OPINIÓN

El subtexto

Una mujer llora tras salir de la capilla ardiente de Isabel II.
Una mujer llora tras salir de la capilla ardiente de Isabel II.
OLIVIER HOSLET / EPA / EFE
Una mujer llora tras salir de la capilla ardiente de Isabel II.

La naturalidad con la que locutores de televisión y mandatarios españoles han adoptado el luto tras el fallecimiento de Isabel II, reina de una nación admirable pero con una colonia parasitaria en suelo patrio (no lo digo yo, lo dice la ONU), me ha hecho pensar una vez más en el poder de las pantallas. La televisión, el cine, las series provocan una empatía hacia sus protagonistas que produce un resultado inmediato: el español medio se identifica más con quien se llama Jeremy que con quien se llama Jeremías, con Freddy que con Alfredito (de ahí que algunos niños del país ya se bauticen Kevin). Y la reina de Inglaterra ha salido tantas veces en pantalla —por sí misma o mediante personaje dramático— que era previsible el golpe anímico que sufrirían algunos de nuestros comentaristas y políticos más conspicuos.

En literatura pasa lo mismo: el lector es capaz de interesarse por la vida de un labrador de Dakota del Sur, pero no de Badajoz. “Si eres novelista, prueba con los nombres anglosajones —dijo, hace tiempo, un editor muy agudo en la Juan March—. El papanatismo hará el resto”. Creo que tenía razón: la colonia no es Gibraltar; la colonia es España (no tanto del Reino Unido como de EE UU).

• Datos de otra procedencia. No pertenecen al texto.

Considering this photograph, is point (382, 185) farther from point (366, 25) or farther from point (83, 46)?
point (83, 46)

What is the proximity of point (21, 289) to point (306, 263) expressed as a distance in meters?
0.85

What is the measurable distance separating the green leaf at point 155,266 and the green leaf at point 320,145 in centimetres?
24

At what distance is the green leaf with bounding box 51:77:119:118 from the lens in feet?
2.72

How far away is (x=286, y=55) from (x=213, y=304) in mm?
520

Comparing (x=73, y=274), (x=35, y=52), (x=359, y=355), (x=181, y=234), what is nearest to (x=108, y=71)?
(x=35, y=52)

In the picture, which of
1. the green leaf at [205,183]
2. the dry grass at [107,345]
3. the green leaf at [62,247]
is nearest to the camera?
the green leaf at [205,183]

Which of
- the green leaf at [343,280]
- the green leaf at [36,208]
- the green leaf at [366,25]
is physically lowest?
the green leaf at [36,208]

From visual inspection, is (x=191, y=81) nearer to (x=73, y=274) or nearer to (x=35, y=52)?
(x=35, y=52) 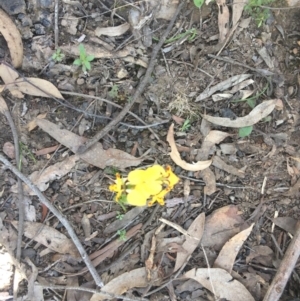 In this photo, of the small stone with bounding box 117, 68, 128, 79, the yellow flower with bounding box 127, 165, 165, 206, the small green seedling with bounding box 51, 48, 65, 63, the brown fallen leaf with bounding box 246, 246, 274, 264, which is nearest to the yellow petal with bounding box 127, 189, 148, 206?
the yellow flower with bounding box 127, 165, 165, 206

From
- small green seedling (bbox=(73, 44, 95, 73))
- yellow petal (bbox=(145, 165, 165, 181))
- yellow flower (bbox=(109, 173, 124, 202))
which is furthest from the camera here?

Dicho lo cual: yo también me puse de luto por Isabel II. Cuando concluyó la serie The Crown, sufrí un duelo con todas sus fases: negación, ira, tristeza y aceptación. Gracias a esa serie genial, no me hice partidario de Su Graciosa Majestad, pero aprendí a contemplar a la familia real británica desde otro punto de vista. La empatía con el personaje televisivo, tan creíble personaje, operó en mí de tal forma que conseguí ver la otra cara del enorme privilegio que significa una monarquía hereditaria. La monarquía como cárcel de oro, la monarquía como institución que devora a sus hijos y que supone una tensión constante en la convivencia de quienes la representan; la monarquía como apisonadora de los afectos familiares, como rodillo que se sirve de sus representantes para, modulándolos al servicio de su supervivencia, mantener su salud y vigor como un cuerpo independiente.

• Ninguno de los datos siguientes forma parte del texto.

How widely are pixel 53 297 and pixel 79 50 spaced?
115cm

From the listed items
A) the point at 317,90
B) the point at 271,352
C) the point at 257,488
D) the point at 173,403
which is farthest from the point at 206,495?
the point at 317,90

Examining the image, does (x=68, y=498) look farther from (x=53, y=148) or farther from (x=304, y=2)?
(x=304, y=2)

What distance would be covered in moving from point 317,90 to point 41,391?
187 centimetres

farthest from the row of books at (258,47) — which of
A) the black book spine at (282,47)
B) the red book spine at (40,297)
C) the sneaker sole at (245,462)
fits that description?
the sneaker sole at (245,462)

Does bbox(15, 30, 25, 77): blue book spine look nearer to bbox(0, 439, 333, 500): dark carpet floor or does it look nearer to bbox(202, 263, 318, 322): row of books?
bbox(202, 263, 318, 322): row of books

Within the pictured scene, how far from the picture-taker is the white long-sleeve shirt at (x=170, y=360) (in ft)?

Los libros sobre escritura de guion (y de escritura creativa, en general) suelen resaltar el subtexto como elemento crucial de cualquier narración, eso que está por debajo de la superficie, que se sobreentiende gracias al entorno del diálogo y de la acción, de manera que es preferible que el personaje diga “me temo que mi opinión sobre ti ha variado” a que diga “eres imbécil”. El subtexto, esas motivaciones y mensajes no expresos que el espectador descubre con mirar la escena, genera placer, vicio, querer saber más. Es como hacer al espectador partícipe o creador de la propia película. La familia real británica, con su flema llevada al límite —aún más flemática que el resto de británicos—, es un maná de subtextos. Viven en el subtexto y del subtexto. Recuerdo un comentario muy celebrado del rey emérito Juan Carlos cuando todavía era rey: “Estos espárragos están cojonudos”, dijo, durante una visita a Navarra. Poco subtexto se puede extraer de comentario tan explícito. La reina Isabel habría sido más hiperbólica o eufemística, es decir, más atractiva para una narración audiovisual.

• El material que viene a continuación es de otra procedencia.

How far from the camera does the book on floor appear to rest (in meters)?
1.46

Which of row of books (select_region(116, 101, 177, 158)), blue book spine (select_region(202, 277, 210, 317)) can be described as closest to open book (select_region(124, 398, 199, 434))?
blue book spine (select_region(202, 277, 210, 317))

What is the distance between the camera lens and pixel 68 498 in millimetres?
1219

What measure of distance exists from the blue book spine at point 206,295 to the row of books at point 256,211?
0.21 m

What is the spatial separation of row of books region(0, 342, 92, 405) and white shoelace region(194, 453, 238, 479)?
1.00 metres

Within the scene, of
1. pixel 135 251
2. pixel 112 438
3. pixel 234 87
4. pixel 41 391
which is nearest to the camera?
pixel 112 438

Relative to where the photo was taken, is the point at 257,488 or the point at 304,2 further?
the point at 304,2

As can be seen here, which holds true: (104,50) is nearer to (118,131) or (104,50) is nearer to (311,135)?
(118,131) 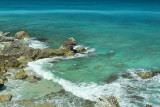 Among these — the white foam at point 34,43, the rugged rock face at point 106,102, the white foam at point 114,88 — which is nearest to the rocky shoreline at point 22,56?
the white foam at point 114,88

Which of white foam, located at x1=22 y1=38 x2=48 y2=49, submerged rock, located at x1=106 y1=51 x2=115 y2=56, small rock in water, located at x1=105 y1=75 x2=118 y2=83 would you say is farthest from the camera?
white foam, located at x1=22 y1=38 x2=48 y2=49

Y, sin embargo, ahora, con este culebrón sobre la asistencia o no del rey Juan Carlos al funeral británico, parece que nuestra familia real, de indudable fotogenia, está aprendiendo a moverse en el subtexto. Y, a través de los gestos, de lo simbólico, poco a poco se hace merecedora de una gran ficción televisiva.

A ver en qué queda la cosa.

El lunes, por el momento, un capítulo más.